Liqueur de tirage

De liqueur de tirage is een mengsel van suiker en in wijn opgeloste gistcellen waarmee de stille (niet-mousserende) geassembleerde champagne, vaak een mengsel van meerdere jaargangen en soms wel veertig wijngaarden, wordt aangevuld wanneer de champagne wordt gebotteld. Volgens de Franse wet mag dat vanaf 1 januari in het jaar na de oogst. De grote champagnehuizen wachten meestal tot eind maart, begin april.

De stille, dus niet sprankelende, champagne heeft in het vat al een of twee gistingen, de alcoholische gisting en misschien de malolactische gisting ondergaan wanneer de tijd is gekomen om te bottelen. De toevoeging van de liqueur de tirage is de eerste stap van de méthode traditionnelle.

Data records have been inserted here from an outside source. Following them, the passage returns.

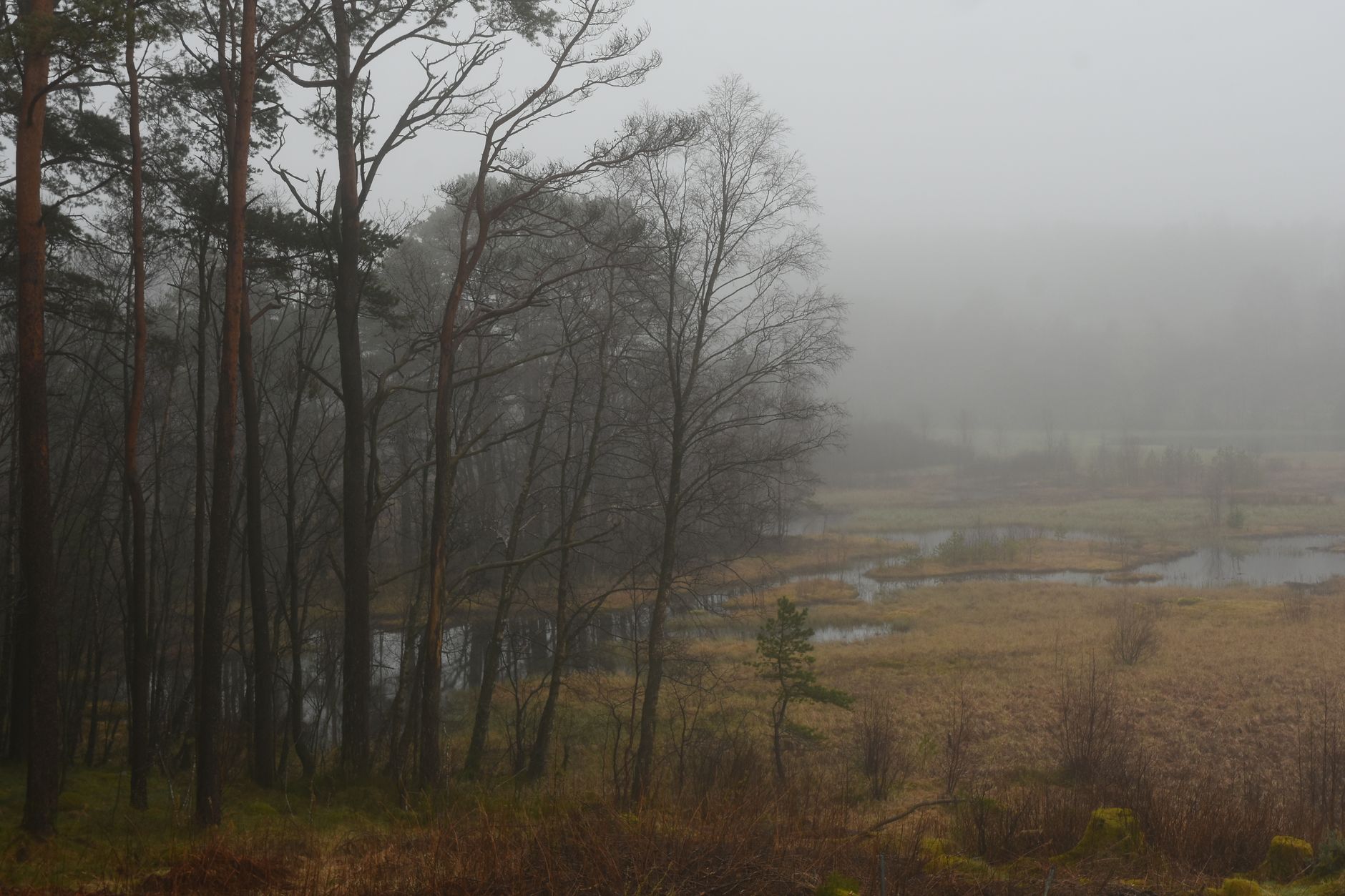 A foggy swamp landscape at dusk, evoking the atmospheric setting of Hunt Showdown's Louisiana bayou environment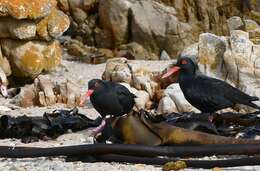 Image of African Black Oystercatcher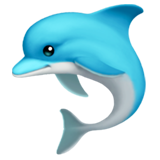 dolphin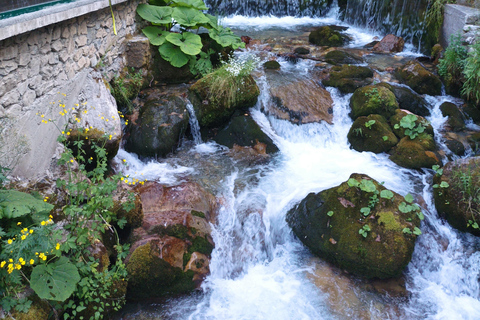 Skopje : Tetovo, Mavrovo, Galicnik et John Bigorski - Excursion d'une journéeSkopje : excursion d'une journée à Tetovo, Mavrovo, Galicnik et John Bigorski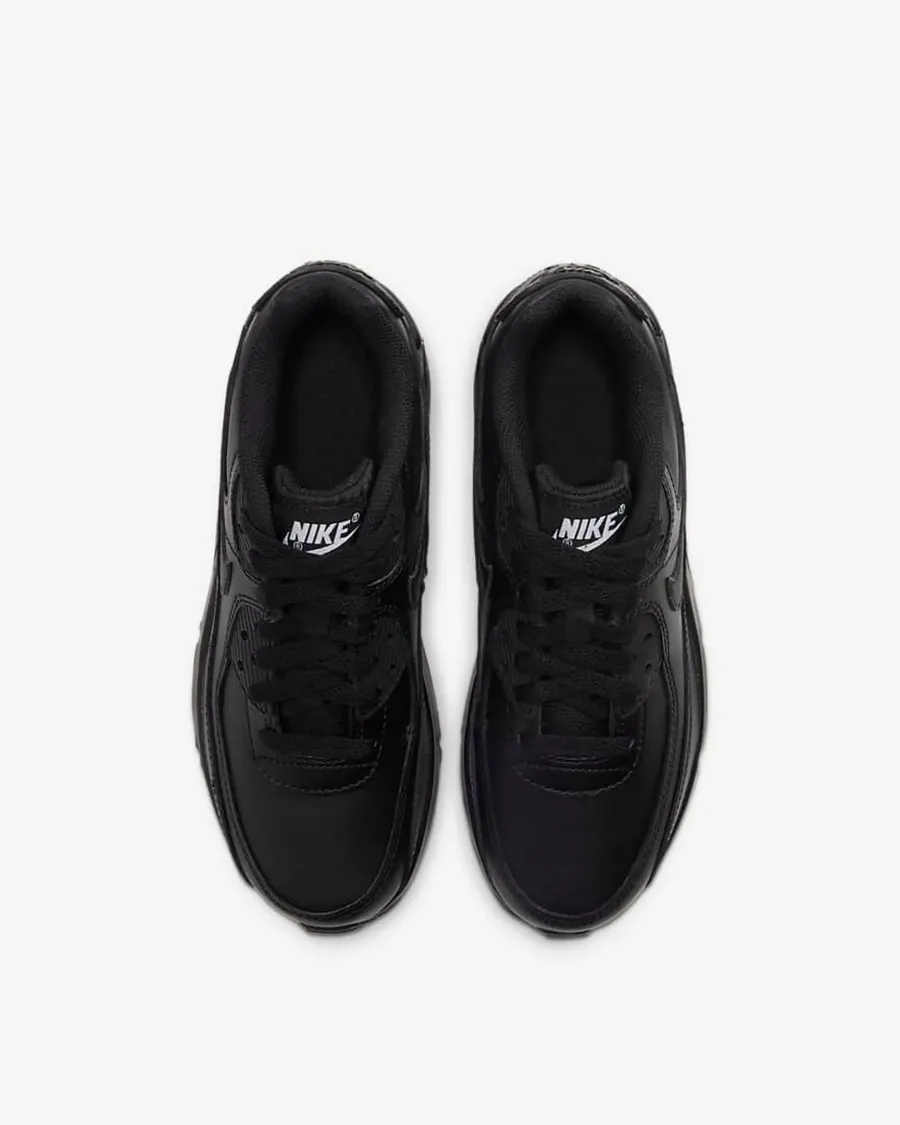 Кросівки Nike Air Max 90 LTR CD6864-001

In de kelder wordt aan iedere fles een mengsel van in wijn opgeloste gist en suiker, vaak rietsuiker, eventueel met wat citroenzuur toegevoegd. De verhouding wijn staat tot suiker is ongeveer 2 op 1. De hoeveelheid liqueur de tirage die aan een fles wordt toegevoegd bedraagt ongeveer 24 à 26 gr/l.[1] Door de bijmenging van suiker en gist ontstaat een tweede gisting op de fles, de prise de mousse. Deze gisting voegt behalve 1,2 tot 1,3 procent alcohol ook het koolzuur toe dat de champagne kenmerkt.

Vroeger was het onmogelijk om precies te berekenen hoeveel extra suiker men nog aan de stille champagne kon toevoegen zonder de fles, waarin een druk van tussen de 5 en 6 atmosfeer wordt opgebouwd, te laten exploderen. In een berucht geworden "année de la grande casse" (1828) ontplofte 80% van de in de kelders gelagerde flessen. In jaren dat te weinig suiker was toegevoegd was de champagne niet goed van smaak, terwijl de "mousse", de kenmerkende belletjes, onvoldoende aanwezig was. De apotheker André François in Châlons-sur-Marne vond in 1837 de sucre-oenomètre uit waarmee de keldermeesters konden berekenen hoeveel restsuiker de stille wijn nog bezat.

Het champagnehuis Moët & Chandon heeft de klassieke liqueur de tirage vervangen door de "dosage des billes", vierhonderd gistbolletjes ter grootte van hagelkorrels die uit samengeperste algen, suiker en gist bestaan, worden aan de fles toegevoegd. Zo ontstaat geen bezinksel en in theorie kan dan ook de bewerkelijke remuage vervallen, het langzaam handmatig draaien van de op houten rekken liggende flessen[2].